1) It's pretty obvious why Microsoft cares little about the load-time of VS. Their main clientell tend to just have the thing open all the time. They don't open it many times per-hour, just for debugging. It's a heavy-duty IDE, not a text editor.
So that workflow is just not on their radar as something to be concearned about - at all.

2) Software has a maturation cycle, it peaks at some point and then gradually deteriorates. It's a bell curve.
That is ESPECIALLY true for any long-lived commercial software. Just take any software that you can think of that had existed for over a decade, and you'll see that dynamic at play.
The reasons for that have nothing at all to do with developer competence.

The main reasons are economic, and psycho-social.

The economic reason is akin to "planned-obselecense" in consumer electronics:
They can't just develop something to perfection, and then just continue selling the exact same thing every year, because consumers will then have no reason to ever upgrade. With consumer electronics they can time some components to fail after some period of time. But software doesn't deteriorate if you just keep using it without change.
So unless you do something nepherious, the only way to get people to upgrade is to add more features all the time - even when they are completely unncessary, or are relevant to very few people.
That's why commercial software gets bloated over time.

To some extent, open source software suffers much less from this, as it can affort to stop evolving once it's reached some zenith point, doing what it needs to do well - and without any negative economic consequences.

The psycho-social reason has to do with scale:
The bigger a project gets and the more people are involved, the more likely it gets that the product will get worst over time. That's true about any kind of large scale project, and is not even specific to software.
The project accrudes more varying oppinions over time and so more likelyhood for conflicting ones, pushing the project internally into different directions at the same time. The larger any group of people get, the more politics there will be. It's inevitable.

Take the case of C++ as an example: "Design by Comitty".
Now contrast that with what J.B is doing:
Even within a single person's mind, there will inevitably be contradictions and competing interests, and more and more of those as a project grows and expands. Because there more variables there are, the higher is the likelyhood for conflict. That's just basic combinatorial logic.
Contradictions are far more likely to be resolved within the privacy of a single person's mind then within a group of people, and the larger the group the lower the likelyhood.
So the more people are involved in a project, the higher the likelyhood for more internal contradictions in it.
That's a major contributer to incidental complexity.

I can go on about the accrusion of technical debt, the explosion of "special-cases" as a project accrudes more features, the necessity for backwards-compatibility, etc, etc.


But really, these are some clear reasons, none of which have anything to do with developer competence.

Edited by Arnon on
One more thing:

The comparison with George's RemedyBG in the rant is completely backwards(!)
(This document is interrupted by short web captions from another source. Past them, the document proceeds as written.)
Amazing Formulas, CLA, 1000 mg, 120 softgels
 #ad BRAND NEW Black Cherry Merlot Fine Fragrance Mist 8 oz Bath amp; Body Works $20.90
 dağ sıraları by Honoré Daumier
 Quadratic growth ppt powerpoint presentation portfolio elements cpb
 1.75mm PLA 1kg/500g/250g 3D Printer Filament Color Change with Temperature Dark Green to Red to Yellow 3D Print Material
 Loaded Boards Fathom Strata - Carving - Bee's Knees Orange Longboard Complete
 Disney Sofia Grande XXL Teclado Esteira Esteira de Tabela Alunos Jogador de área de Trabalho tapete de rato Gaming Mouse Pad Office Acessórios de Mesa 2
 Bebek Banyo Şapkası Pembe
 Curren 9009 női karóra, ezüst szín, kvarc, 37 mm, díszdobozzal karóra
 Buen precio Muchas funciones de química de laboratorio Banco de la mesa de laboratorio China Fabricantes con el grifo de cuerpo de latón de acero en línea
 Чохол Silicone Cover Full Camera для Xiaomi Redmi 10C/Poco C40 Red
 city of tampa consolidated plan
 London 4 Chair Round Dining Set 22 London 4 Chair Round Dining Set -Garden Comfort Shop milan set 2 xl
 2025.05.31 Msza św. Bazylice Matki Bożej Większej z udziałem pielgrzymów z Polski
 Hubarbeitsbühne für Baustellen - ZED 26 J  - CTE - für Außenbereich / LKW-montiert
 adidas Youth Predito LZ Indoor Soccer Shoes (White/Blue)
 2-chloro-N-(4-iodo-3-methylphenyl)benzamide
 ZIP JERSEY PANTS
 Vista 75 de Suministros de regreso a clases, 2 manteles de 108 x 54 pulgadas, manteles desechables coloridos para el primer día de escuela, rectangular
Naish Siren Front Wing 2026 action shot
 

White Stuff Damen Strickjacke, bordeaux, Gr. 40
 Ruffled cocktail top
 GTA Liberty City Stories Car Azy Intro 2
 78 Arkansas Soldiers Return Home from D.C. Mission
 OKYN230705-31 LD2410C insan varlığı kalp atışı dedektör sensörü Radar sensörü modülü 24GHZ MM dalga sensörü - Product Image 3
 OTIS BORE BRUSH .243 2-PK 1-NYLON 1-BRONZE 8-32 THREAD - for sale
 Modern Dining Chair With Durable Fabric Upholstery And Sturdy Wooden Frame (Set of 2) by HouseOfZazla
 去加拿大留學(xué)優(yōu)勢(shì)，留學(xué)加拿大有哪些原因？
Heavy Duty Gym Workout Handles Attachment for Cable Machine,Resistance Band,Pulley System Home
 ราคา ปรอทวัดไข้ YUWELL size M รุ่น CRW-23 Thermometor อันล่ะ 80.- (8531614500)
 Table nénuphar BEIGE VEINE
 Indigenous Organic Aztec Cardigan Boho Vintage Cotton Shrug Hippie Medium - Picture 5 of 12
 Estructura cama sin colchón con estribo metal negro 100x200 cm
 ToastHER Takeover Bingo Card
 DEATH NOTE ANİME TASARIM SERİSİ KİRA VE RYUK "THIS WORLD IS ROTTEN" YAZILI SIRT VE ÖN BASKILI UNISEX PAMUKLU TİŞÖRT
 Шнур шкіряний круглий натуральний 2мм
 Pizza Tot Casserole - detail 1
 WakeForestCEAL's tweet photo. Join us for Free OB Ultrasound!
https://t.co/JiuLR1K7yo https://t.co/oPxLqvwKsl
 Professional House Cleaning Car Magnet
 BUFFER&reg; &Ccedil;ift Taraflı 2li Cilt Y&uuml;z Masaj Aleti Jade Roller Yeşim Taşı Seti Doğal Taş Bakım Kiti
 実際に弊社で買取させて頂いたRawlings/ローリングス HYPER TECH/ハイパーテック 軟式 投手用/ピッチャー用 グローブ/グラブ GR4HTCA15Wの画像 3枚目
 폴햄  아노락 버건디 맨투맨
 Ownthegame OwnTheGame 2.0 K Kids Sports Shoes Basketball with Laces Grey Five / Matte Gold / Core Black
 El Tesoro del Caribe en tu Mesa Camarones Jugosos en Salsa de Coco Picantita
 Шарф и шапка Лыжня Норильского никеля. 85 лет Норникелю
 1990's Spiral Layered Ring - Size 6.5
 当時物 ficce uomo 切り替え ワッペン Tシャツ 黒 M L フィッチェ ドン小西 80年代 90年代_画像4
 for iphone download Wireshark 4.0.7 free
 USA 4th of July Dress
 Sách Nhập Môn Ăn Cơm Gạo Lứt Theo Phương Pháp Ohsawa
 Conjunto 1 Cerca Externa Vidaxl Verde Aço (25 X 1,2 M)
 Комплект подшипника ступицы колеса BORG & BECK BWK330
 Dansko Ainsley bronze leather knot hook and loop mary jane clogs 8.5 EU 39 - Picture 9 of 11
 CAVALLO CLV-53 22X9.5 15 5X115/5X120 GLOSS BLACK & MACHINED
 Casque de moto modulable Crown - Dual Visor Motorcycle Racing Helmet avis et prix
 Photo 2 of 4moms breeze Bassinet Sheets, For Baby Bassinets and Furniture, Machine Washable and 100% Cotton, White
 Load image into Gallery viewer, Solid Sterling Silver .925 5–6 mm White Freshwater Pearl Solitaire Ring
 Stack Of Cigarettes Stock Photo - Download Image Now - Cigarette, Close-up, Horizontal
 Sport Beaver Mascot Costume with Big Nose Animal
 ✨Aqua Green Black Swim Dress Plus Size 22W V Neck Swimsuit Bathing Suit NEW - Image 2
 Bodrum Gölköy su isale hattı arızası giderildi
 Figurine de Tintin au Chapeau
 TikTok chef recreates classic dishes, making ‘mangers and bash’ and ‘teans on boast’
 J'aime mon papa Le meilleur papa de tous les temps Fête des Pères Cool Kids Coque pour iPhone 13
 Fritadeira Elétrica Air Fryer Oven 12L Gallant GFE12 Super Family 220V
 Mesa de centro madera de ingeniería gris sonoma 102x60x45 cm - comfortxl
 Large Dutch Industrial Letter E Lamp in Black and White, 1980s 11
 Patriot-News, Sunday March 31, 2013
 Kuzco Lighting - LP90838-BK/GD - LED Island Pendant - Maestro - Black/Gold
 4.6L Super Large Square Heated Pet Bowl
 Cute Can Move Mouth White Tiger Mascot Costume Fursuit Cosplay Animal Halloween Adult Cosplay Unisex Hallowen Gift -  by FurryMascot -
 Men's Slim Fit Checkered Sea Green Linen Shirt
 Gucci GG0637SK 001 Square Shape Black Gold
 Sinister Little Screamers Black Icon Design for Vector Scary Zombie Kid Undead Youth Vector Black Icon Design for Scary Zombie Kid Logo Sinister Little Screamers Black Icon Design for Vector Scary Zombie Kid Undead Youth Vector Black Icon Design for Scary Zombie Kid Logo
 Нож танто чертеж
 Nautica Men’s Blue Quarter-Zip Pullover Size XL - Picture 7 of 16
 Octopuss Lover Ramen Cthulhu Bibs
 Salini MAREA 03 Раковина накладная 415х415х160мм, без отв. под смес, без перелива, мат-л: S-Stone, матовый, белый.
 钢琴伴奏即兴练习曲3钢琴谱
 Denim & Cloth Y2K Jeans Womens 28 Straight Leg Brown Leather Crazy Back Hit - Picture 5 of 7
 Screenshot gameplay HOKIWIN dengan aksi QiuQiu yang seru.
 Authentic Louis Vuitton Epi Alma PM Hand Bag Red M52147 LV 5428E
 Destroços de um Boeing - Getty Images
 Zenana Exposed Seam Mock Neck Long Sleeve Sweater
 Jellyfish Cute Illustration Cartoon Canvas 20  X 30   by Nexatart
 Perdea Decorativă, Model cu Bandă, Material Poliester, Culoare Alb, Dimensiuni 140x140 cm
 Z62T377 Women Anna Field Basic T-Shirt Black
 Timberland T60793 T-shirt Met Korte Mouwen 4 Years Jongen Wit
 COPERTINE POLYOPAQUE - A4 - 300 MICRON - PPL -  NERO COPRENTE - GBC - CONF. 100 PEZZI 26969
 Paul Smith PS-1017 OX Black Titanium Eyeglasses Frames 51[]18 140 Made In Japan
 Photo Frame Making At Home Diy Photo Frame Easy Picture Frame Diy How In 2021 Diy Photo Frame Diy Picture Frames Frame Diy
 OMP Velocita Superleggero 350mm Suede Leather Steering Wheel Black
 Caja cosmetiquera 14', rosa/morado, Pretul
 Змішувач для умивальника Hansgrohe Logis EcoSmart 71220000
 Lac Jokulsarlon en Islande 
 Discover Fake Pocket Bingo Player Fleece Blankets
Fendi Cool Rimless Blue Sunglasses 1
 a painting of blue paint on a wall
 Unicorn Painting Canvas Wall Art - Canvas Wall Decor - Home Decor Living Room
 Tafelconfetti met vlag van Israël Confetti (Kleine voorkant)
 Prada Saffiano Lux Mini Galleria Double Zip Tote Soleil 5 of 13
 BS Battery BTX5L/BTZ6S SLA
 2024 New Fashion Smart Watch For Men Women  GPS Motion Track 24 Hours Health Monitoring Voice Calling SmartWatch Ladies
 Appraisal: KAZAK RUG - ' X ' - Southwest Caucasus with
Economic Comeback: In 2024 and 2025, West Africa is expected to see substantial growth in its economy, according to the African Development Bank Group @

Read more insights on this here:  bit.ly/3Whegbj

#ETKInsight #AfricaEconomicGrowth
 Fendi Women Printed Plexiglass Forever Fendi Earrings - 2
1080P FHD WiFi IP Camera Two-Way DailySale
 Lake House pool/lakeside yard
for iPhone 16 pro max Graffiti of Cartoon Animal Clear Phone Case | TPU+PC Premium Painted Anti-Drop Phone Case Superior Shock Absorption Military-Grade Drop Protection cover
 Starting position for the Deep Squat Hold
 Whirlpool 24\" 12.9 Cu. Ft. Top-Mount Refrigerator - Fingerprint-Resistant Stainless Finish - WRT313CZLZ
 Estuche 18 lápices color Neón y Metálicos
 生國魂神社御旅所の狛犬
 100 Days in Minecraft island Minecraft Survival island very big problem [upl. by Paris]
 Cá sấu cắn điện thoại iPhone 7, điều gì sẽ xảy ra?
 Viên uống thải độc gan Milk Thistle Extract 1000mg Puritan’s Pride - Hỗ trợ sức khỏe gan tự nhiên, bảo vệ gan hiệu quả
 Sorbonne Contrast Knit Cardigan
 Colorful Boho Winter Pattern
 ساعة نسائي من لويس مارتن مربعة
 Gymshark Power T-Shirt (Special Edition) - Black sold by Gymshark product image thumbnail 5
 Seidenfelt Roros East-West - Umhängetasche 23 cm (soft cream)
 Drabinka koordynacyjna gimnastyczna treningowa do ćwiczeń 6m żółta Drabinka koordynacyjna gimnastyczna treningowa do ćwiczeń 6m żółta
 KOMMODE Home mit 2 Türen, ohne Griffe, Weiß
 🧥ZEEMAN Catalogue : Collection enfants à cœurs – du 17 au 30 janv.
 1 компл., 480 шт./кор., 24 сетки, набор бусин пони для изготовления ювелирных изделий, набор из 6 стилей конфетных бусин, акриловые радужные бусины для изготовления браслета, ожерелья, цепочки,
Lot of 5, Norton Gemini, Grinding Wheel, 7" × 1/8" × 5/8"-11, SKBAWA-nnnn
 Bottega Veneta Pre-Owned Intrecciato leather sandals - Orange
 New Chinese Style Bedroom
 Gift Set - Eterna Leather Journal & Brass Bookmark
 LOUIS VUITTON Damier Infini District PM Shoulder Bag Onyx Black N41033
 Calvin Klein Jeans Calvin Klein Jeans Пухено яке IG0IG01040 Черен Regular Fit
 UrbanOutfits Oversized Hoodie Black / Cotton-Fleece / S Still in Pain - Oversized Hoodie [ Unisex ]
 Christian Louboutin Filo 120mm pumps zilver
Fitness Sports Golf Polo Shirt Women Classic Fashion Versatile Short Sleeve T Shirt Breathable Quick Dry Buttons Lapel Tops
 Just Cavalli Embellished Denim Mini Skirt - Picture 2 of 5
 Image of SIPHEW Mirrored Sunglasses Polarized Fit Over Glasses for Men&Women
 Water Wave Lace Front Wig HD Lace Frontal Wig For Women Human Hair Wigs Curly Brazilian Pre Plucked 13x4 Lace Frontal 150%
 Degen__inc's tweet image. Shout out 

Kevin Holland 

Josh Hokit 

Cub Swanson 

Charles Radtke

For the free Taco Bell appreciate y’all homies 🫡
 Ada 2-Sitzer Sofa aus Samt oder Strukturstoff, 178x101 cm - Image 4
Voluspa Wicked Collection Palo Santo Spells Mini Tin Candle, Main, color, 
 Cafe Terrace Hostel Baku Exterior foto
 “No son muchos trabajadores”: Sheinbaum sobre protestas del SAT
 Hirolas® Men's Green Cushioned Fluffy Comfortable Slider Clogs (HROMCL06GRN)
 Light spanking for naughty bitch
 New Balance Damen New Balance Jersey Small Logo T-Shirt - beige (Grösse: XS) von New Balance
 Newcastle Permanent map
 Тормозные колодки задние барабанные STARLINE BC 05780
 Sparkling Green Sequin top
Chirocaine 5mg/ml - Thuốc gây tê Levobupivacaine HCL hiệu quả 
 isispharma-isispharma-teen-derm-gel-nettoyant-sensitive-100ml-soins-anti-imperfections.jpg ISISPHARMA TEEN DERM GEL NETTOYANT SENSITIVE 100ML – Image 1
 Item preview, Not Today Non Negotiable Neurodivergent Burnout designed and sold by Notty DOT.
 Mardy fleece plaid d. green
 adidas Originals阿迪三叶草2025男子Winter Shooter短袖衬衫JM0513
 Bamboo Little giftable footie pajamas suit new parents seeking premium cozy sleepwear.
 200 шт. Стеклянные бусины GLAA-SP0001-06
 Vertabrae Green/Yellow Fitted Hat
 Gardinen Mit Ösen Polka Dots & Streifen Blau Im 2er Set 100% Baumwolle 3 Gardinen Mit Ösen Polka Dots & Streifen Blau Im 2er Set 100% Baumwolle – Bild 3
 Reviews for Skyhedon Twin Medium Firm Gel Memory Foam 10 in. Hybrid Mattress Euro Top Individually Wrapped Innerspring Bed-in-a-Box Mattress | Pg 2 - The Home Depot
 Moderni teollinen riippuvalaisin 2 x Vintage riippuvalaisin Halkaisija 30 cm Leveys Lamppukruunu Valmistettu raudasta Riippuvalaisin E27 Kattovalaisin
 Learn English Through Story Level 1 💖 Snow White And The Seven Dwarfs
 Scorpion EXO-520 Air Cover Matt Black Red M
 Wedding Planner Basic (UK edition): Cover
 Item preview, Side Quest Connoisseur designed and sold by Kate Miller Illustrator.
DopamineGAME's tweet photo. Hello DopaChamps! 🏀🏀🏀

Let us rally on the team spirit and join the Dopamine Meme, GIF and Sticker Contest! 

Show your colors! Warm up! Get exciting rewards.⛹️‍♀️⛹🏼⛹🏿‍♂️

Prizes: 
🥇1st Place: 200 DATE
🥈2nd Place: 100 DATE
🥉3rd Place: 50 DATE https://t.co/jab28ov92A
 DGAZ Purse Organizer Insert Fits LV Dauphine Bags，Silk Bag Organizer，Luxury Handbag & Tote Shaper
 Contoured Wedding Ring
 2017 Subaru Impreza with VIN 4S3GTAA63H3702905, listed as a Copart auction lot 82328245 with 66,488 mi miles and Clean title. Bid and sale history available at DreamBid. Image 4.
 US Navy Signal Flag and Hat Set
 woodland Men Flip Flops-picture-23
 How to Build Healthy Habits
He doesn't have to deal with huge amounts of internal politics.
He doesn't have to deal with multi-decade accrusion of: technical debt, bloat, cruft, incidental complexity, etc.
He doesn't have to deal with a huge huge software that does a million other things that have nothing at all to do with what he wants it to do, and that probably have systems in place that are a straight jacket for his ability to produce quality software.

The likelyhood of any single highly-competent person to produce a higher quality product, thatn ANY group of even very higly competent developers - IN SUCH A CIRCUMSTANCE - is actually VERY high.
If anything, it should be a huge surprise if he DIDN'T manage to produce something of higher quality.

The circumstance that the VS developers at Microsoft find themselves in, is most probably none of their own making.
They probably just inherited this huge pile of mess, and are probably doing the best they can in an impossible situation.

And for the record, I'm using CLion, and even though it's sometimes slow, and buggy, I still like it.
I don't agree what you're talking about is orthogonal to developer competence.

For your first point: have you ever needed to work on several projects at the same time? I do right now, and in these circumstances, you often need to boot-up Visual Studio several times a day. It's not as retarded as something like Unity which allows you to only have 1 instance open at all times, making working on several projects at the same time even worse, but in the case of VS, you have to deal with its high memory usage, sometimes high CPU usage in an instance you're not using, or with it suddenly deciding to stop allowing you to save your progress or straight up crashing, leading to you needing to kill it and launch it again and again.
And the startup-time is not the only thing they don't care much about: try comparing the results of the feature "Find all references" on C# code, and then on C/C++ code, and you'll conclude they don't care anymore about C/C++ development.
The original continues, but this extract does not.